Within the current technological and web climate I think that podcasting should have been a consideration. I do not buy the;

“it’s that podcasting wasn’t done in time.”

line that was given by David Caulton on his blog Zunester.

They have indeed had time to make ready podcasting support, had they made it something to ensure was ready. So that leaves a couple of conclusions that can be made. Did they purposely neglect podcasting support in order to promote the “Zune Marketplace“? Most podcasts are free. Sure that is speculation as well. But what better way to promote your new player than having the feature of being able to play free, quality content.

Perhaps Microsoft thought that there was not the interest in podcasts for it to be included. However, I am somewhat of a geek and I have next to no music on my mp3 player. What do I have? 99% podcasts. Who is it then that might consider purchasing a Zune? I would argure that the demographic will be early adopters, traditionally geeks (most of my work-mates have never heard of a Zune). What does the average geek listen to as well as music? Podcasts. I want a bloody mp3 player that supports podcasting, otherwise as far as I am concerned what is going to be the point? It seems very straightforward to me that they needed to support podcasting on release. Otherwise the Zune offers nothing to me that I don’t already have.

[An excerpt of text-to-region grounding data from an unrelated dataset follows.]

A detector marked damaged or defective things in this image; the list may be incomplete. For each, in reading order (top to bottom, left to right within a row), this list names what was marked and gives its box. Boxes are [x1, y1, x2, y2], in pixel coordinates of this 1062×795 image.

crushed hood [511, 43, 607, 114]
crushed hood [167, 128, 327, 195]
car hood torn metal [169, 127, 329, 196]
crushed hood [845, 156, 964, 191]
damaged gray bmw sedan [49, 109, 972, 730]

Or is it just the fact that Microsoft just don’t get podcasting as Scoble states in his summary of the Zune Vs the iPod:

“Podcasting. Apple gets this trend, Microsoft doesn’t.”

Microsoft are demonstrating by their actions that they don’t get it in my opinion. You only have to go as far as the newly released Windows Media Player 11 to see that; no it does not support podcasting. If Microsoft “gets” podcasting it would have been an included feature in their new player. A very short look at iTunes and Winamp tells you what the trends are, both support podcasting. I do not understand why Microsoft are saying they get it when by their exclusion they are doing something totally different to the most of the major offerings out there and therefore essentially creating an “un-feature”. I am no businessman but I know what I would have been doing.

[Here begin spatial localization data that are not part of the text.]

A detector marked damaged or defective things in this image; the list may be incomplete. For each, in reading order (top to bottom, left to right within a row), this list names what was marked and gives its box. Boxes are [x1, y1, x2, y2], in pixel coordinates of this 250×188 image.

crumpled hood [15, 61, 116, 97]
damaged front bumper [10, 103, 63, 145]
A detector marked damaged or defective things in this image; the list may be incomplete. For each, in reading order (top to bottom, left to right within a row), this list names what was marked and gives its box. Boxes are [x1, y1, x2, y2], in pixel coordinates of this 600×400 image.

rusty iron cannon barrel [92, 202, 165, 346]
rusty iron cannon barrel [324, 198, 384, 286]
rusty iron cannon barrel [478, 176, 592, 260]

It has been voiced that aversion to podcasting is the fact that podcasting has “pod” in the name. While I too had the brief thought that podcasts required an iPod in order to listen to them, it did not last long. In addition I think that this type of thinking has somewhat turned around recently. I did get into podcasting early, when it was new to most people. This line of thinking has been debunked by a comment made on Zunester by the author David Caulton who states:

“We’ll ship podcasting, and we’ll call it “Podcasting” when we do.”

Authors Comment on the Post: “Scoble’s Post

What I find the most remarkable is the response to the response that the developers of the Zune have made in response to not having podcasting support:

“… it’s important to separate things we don’t have at launch from comments about Zune’s long term prospects.”

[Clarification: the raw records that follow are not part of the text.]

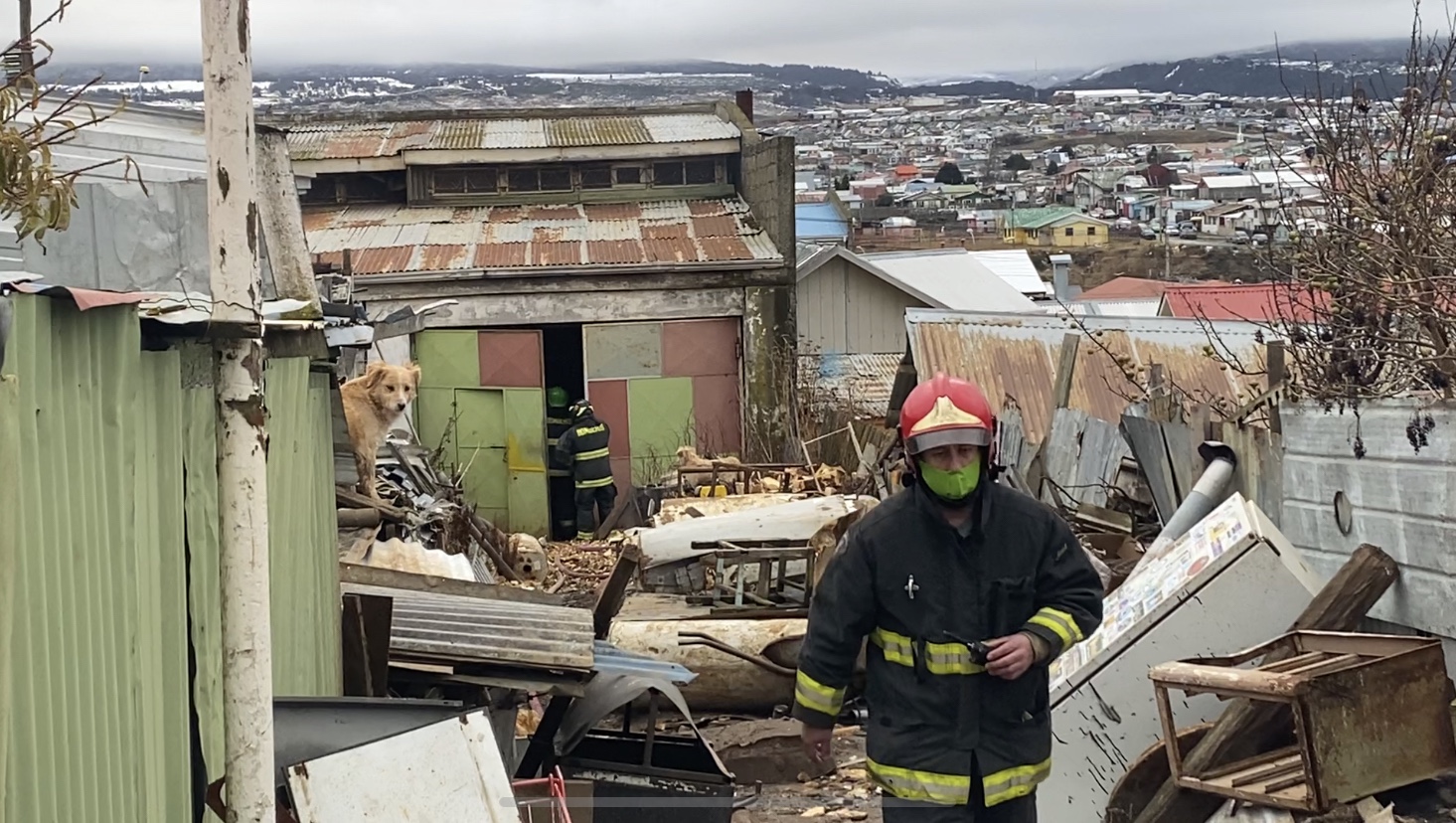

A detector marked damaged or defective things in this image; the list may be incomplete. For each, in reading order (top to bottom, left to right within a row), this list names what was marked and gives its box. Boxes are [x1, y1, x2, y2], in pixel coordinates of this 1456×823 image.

rusty corrugated roof [283, 112, 739, 159]
rusty corrugated roof [305, 196, 780, 273]
rusted metal panel [299, 196, 786, 273]
rusted metal panel [480, 330, 544, 387]
rusted metal panel [666, 317, 745, 379]
rusty corrugated roof [902, 305, 1269, 442]
rusted metal panel [902, 310, 1269, 442]
broken wood plank [1129, 542, 1403, 821]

So, what, we don’t have podcast support at the moment but don’t worry it will be in the future? That is like selling a house and saying, “Oh, yeah… no walls… don’t worry they will be there after you buy the house.”. In my opinion that then means that they are shipping an unfinished product. Why do I want an unfinished product? I don’t, that means that I will wait to purchase. If ever. With rock solid and massive support for iTunes and the iPod would you not want a finished product that was able to compete on equal footing with the competition? At present how is that possible when the two products do not compare?

This does damage the long term prospects of the Zune. When launching a new product you want a mass uptake of that product that creates a loyal user base for the long term. You want people to choose your product over the competition. I am standing in the shop confronted with a Zune and an iPod, one supports podcasts and one does not. No brainer, I am going to choose the one that has the best features, regardless of cost. I am also going to think that the salesman saying, “don’t worry it will have “X” feature later” is full of shit. That may not be true for all users but it most certainly is for me.

This is not about playing .mp3 files. An mp3 player should be .mp3 compatible and the Zune is. Sure you can download and transfer your podcasts to a Zune or an iPod.

This is about making technology and media more accessible to the user. As I have said many times before podcasting is not an easy concept for new users to grasp. They do not understand RSS feeds or what an enclosure is. How then are they to make sense of podcasting unless software and hardware developers make it easier for them to access and enjoy? I will continue to struggle to market our podcast. Right after that I will attempt to explain to people how to get it.

Not everybody has or wants iTunes. Sure it is a “one click” process given you have iTunes and the right link. But that is not choice. I do not have iTunes or an iPod, It should be a one click process with Windows Media Player (or other software) and a Zune to synchronise with. Mind you I don’t use Windows Media Player either. Microsoft really need to take a look at what they doing and how they are doing it in order to be a competitive market leader in portable media solutions, that is not to say their new offering won’t be successful, it probably will be but the uptake would be quicker had they looked at the big picture.

Marketing Podcasting

I was reading Don Thorson’s Blog today and he was talking about “Whole Product“. Marketing he says:

“…come[s] down to a few basic rules. They’re basically the same rules we were taught in our first marketing class.”

I am not a marketer, nor have I studied it in any great detail. I would however say that I do marketing. I have been marketing The Global Geek Podcast since it’s inception as well as this blog and the brands associated with them. So given Don’s formulae I thought that I might try to apply them to podcasting and see what I come up with.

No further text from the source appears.